Sure, but eliminating bugs isn't a binary where you either eliminate all of them or it's a useless endeavor. There's a lot of value in eliminating a lot of bugs, even if it's not all of them, and I'd argue that empirically Rust does actually make it easier to avoid quite a large number of bugs that are often found in C code in spite of what you're saying.

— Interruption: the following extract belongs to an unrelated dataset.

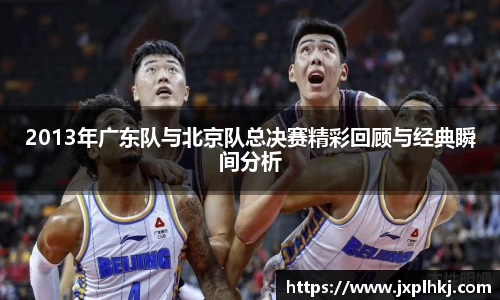 zoty中欧2013年广东队与北京队总决赛精彩回顾与经典瞬间分析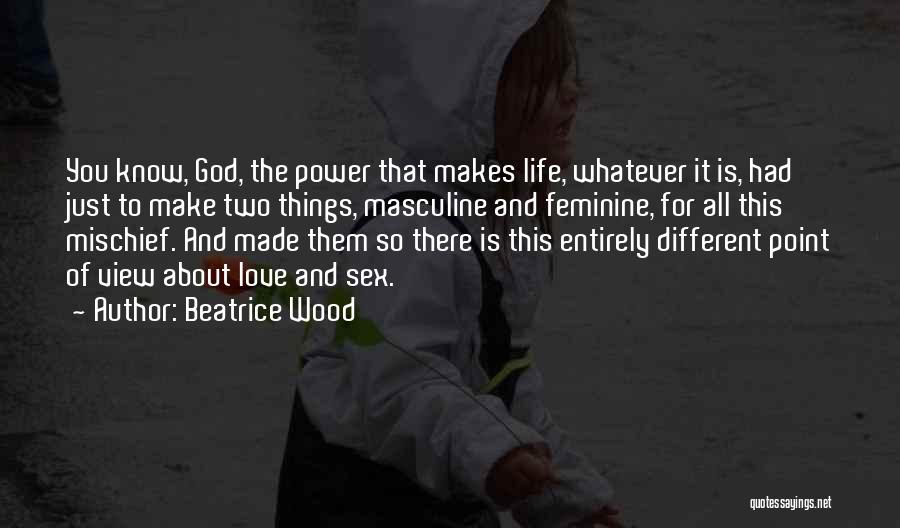 Beatrice Wood Quotes: You Know, God, The Power That Makes Life, Whatever It Is, Had Just To Make Two Things, Masculine And Feminine,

To be clear, I'm not saying that I think it would necessarily be a good idea to try to rewrite an existing codebase that a team apparently doesn't trust they actually understand. There are a lot of other factors that would go into deciding to do a rewrite than just "would the new language be a better choice in a vaccuum", and I tend to be somewhat skeptical that rewriting something that's already widely being used will be possible in a way that doesn't end up risking breaking something for existing users. That's pretty different from "the language literally doesn't matter because you can't verify every possible bug on arbitrary hardware" though.


The hardware only understand addresses and offsets, aka pointers :)


All the more reason to have memory safety on top.


Did you miss the part that writes about the "all new code is written in Rust" order coming from the top? It also failed miserably.


That was quite interesting and now I will take another point of view of the stuff I shared previously.

However given how Windows team has been anti anything not C++, it is not surprising that it actually happened like that.


It came from the top of Azure and for Azure only. Specifically the mandate was for all new code that cannot use a GC i.e. no more new C or C++ specifically.

I think the CTO was very public about that at RustCon and other places where he spoke.

The examples he gave were contrived, though, mostly tiny bits of old GDI code rewritten in Rust as success stories to justify his mandate. Not convincing at all.

Azure node software can be written in Rust, C, or C++ it really does not matter.

What matters is who writes it as it should be seen as “OS-level” code requiring the same focus as actual OS code given the criticality, therefore should probably be made by the Core OS folks themselves.


I have followed it from the outside, including talks at Rust Nation.

However the reality you described on the ground is quite different from e.g. Rust Nation UK 2025 talks, or those being done by Victor Ciura.

It seems more in line with the rejections that took place against previous efforts regarding Singularity, Midori, Phoenix compiler toolchain, Longhorn,.... only to be redone with WinRT and COM, in C++ naturally.


Because neither C nor C++ creates friction.

The whole memory safety chapter is a human problem first and foremost.

Some humans haven’t written a memory-safety bug in decades, but it requires a discipline the recent hire never acquired.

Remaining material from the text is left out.